--- Record extracts ---

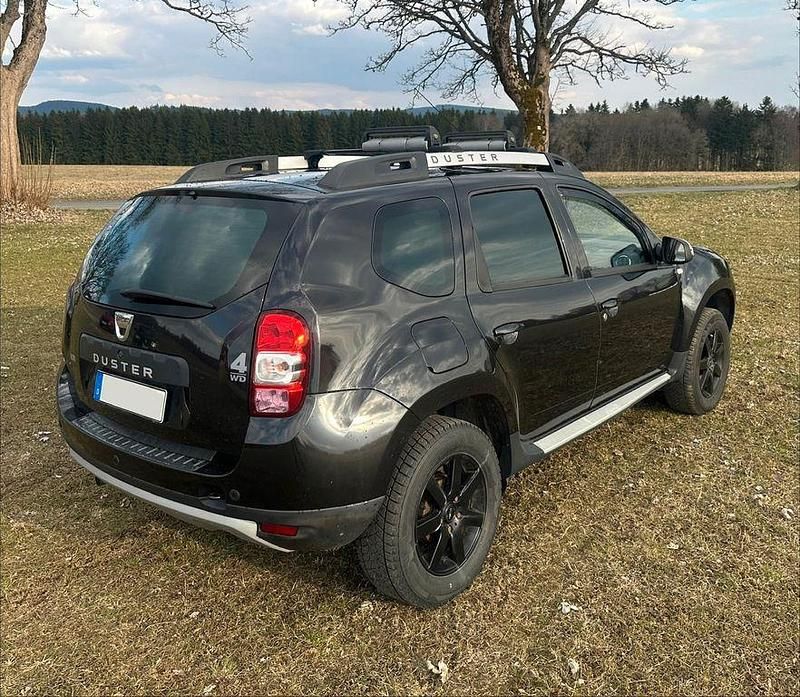 Gebraucht Dacia Duster 114 PS (83 kW) 2016 Schwarz SUV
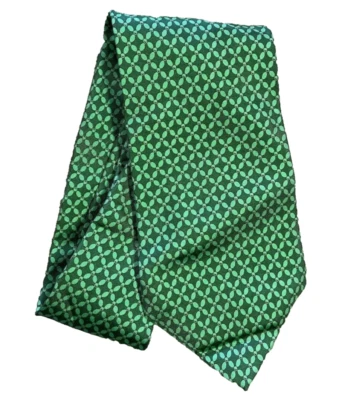 NWT GAP Premium 100% Silk Green Mens Tie One Size Made In USA NEW - Image 1 of 4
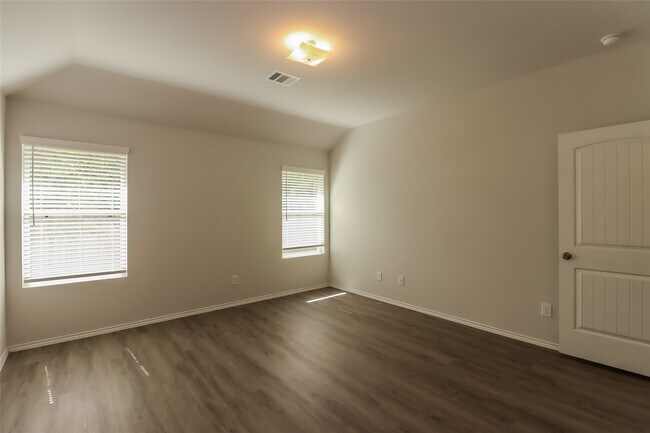 Building Photo - 2732 Atlas Dr
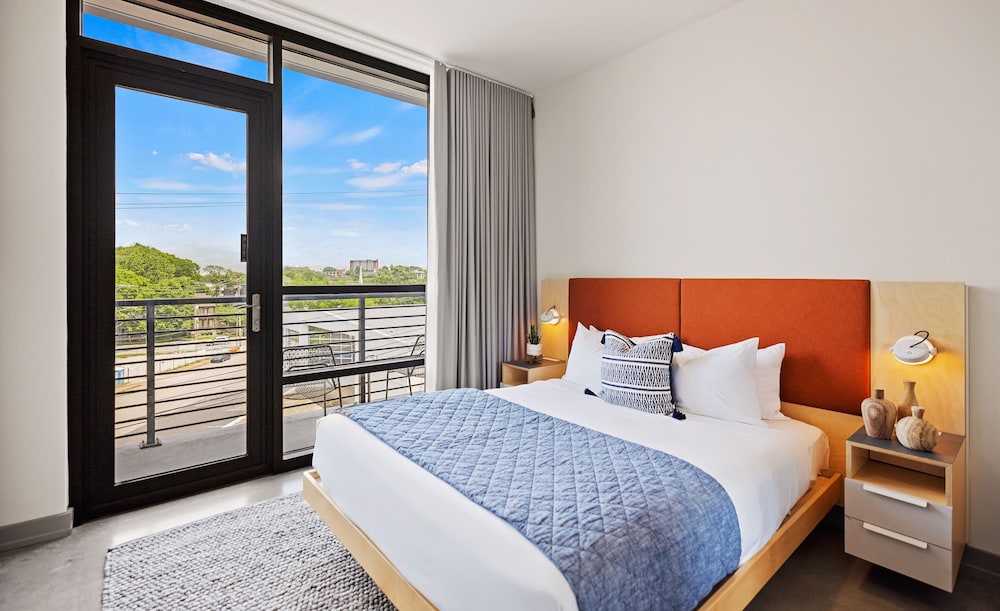PREMIUM, STUDIO, SUITE, QUEEN BED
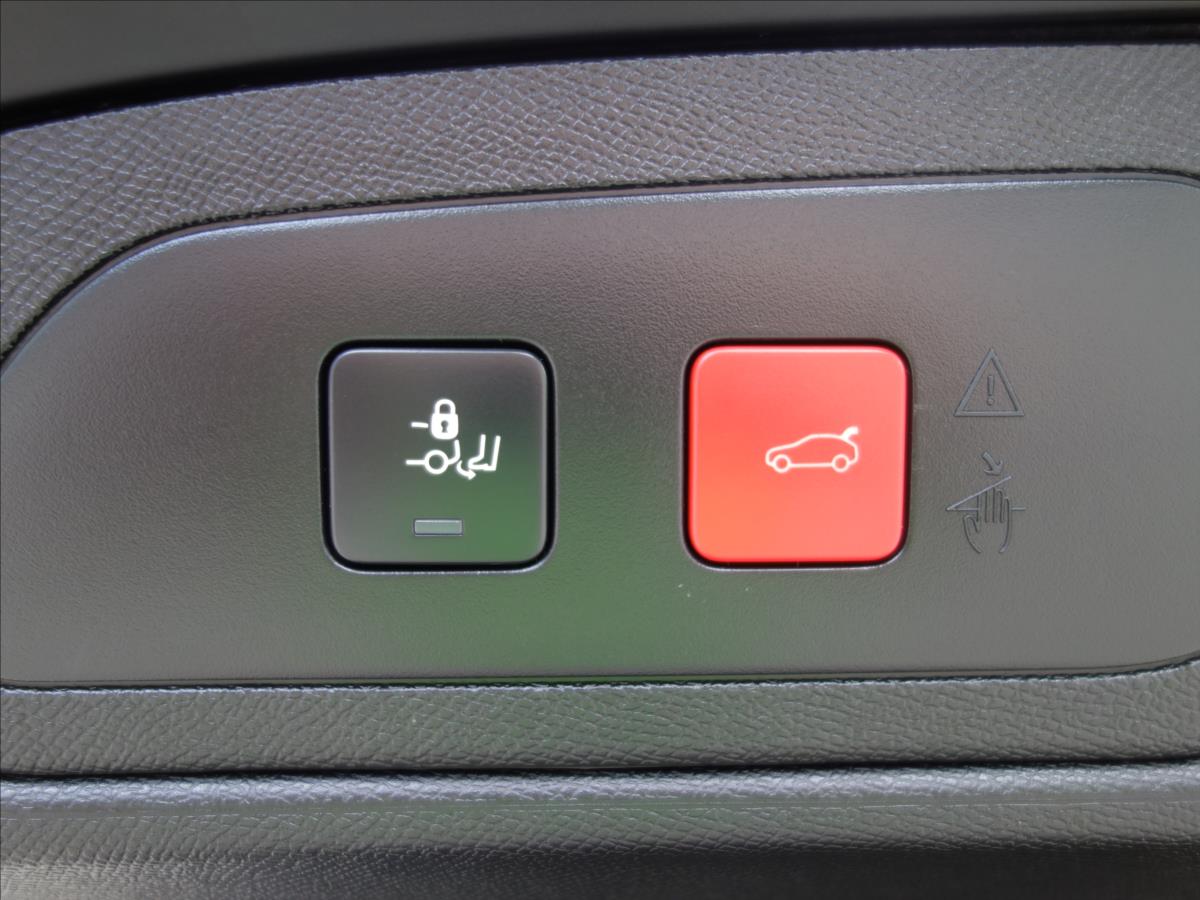 DS Automobiles DS7 Crossback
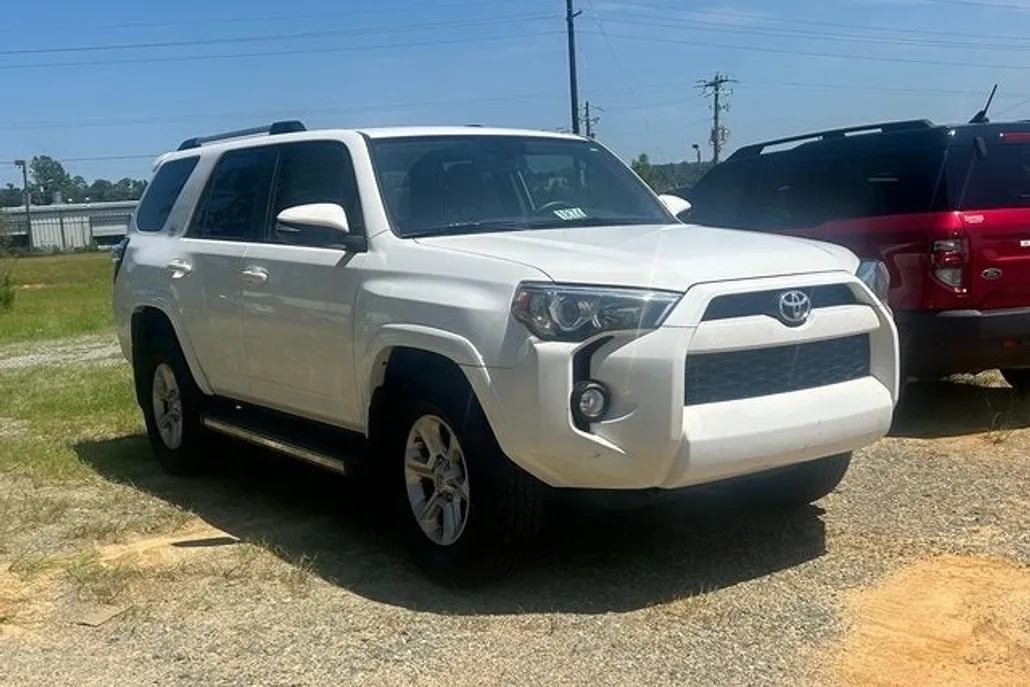 2019 Toyota 4Runner SR5 photo 1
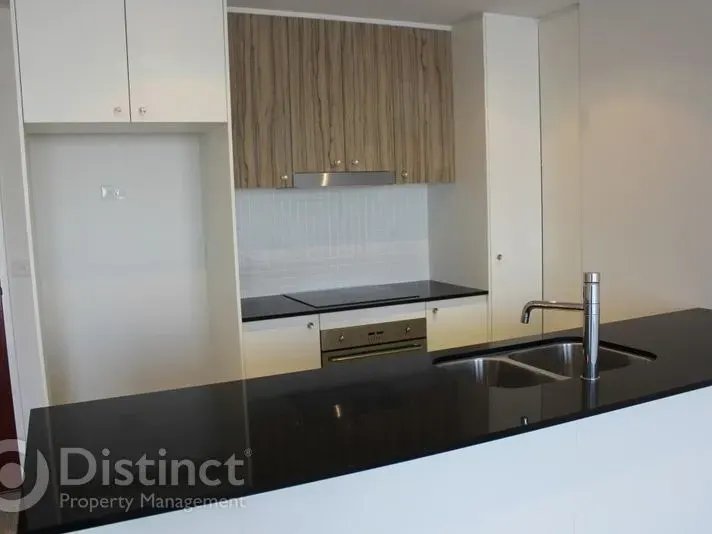 21/76 Leichhardt Street, Griffith, photo 3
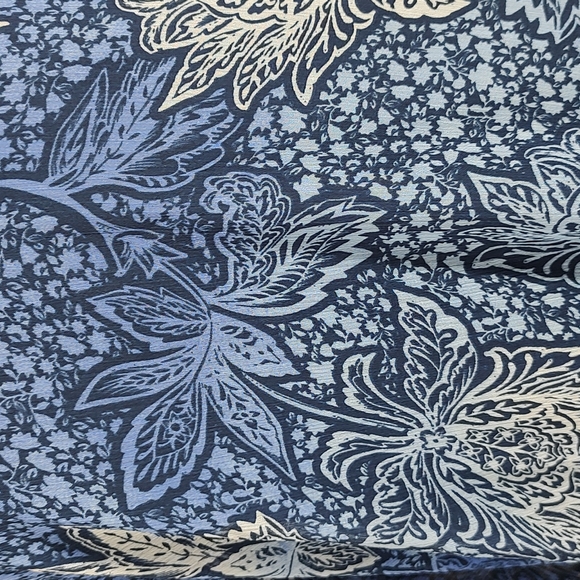 Top: NEW NYDJ Floral Blouse - Picture 4 of 8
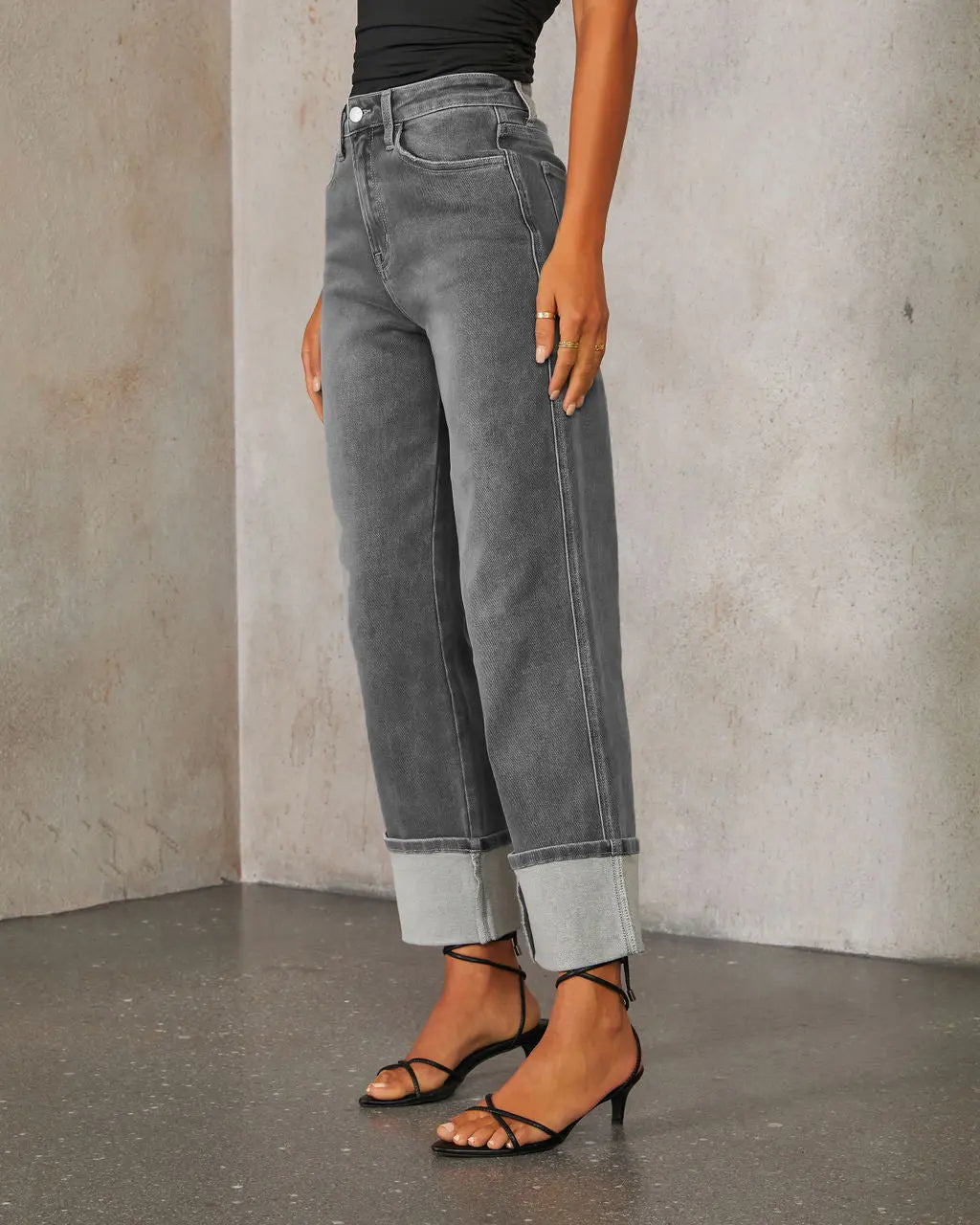 Jean femme coupe droite straight-leg, taille haute, détails revers contrastés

---

Requirement — Every line from the one containing "2019 Toyota 4Runner SR5 photo 1" through the end of the entries above is to be copied exactly; pictures are to be left out.

Solution below —
 2019 Toyota 4Runner SR5 photo 1
 21/76 Leichhardt Street, Griffith, photo 3
 Top: NEW NYDJ Floral Blouse - Picture 4 of 8
 Jean femme coupe droite straight-leg, taille haute, détails revers contrastés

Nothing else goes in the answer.